What has taken place is a radical loss of sovereignty over that which is as much theirs as it is the ethnologist’s. The fault does not lie with the ethnologist. He has no wish to stake a claim to the village; in fact, he desires the opposite: he will bore his friends to death by telling them about the village and the meaning of the folkways. A degree of sovereignty has been surrendered by the couple. It is the nature of the loss, moreover, that they are not aware of the loss, beyond a certain uneasiness. (Even if they read this and admitted it, it would be very difficult for them to bridge the gap in their confrontation of the world. Their consciousness of the corn dance cannot escape their consciousness of their consciousness, so that with the onset of the first direct enjoyment, their higher consciousness pounces and certifies: “Now you are doing it! Now you are really living!” and, in certifying the experience, sets it at nought.)

Their basic placement in the world is such that they recognize a priority of title of the expert over his particular department of being. The whole horizon of being is staked out by “them,” the experts. The highest satisfaction of the sightseer (not merely the tourist but any layman seer of sights) is that his sight should be certified as genuine. The worst of this impoverishment is that there is no sense of impoverishment. The surrender of title is so complete that it never even occurs to one to reassert title. A poor man may envy the rich man, but the sightseer does not envy the expert. When a caste system becomes absolute, envy disappears. Yet the caste of layman-expert is not the fault of the expert. It is due altogether to the eager surrender of sovereignty by the layman so that he may take up the role not of the person but of the consumer.

I do not refer only to the special relation of layman to theorist.
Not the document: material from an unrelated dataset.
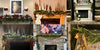 Natural Christmas Greenery Norfolk Pine Branch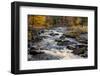 The Middle Branch of the Escanaba River Rapids in autumn, Palmer, Michigan USA-Chuck Haney-Framed Photographic Print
I refer to the general situation in which sovereignty is surrendered to a class of privileged knowers, whether these be theorists or artists. A reader may surrender sovereignty over that which has been written about, just as a consumer may surrender sovereignty over a thing which has been theorized about. The consumer is content to receive an experience just as it has been presented to him by theorists and planners. The reader may also be content to judge life by whether it has or has not been formulated by those who know and write about life. A young man goes to France. He too has a fair time of it, sees the sights, enjoys the food. On his last day, in fact as he sits in a restaurant in Le Havre waiting for his boat, something happens. A group of French students in the restaurant get into an impassioned argument over a recent play. A riot takes place. Madame la concierge joins in, swinging her mop at the rioters. Our young American is transported. This is “it.” And he had almost left France without seeing “it”!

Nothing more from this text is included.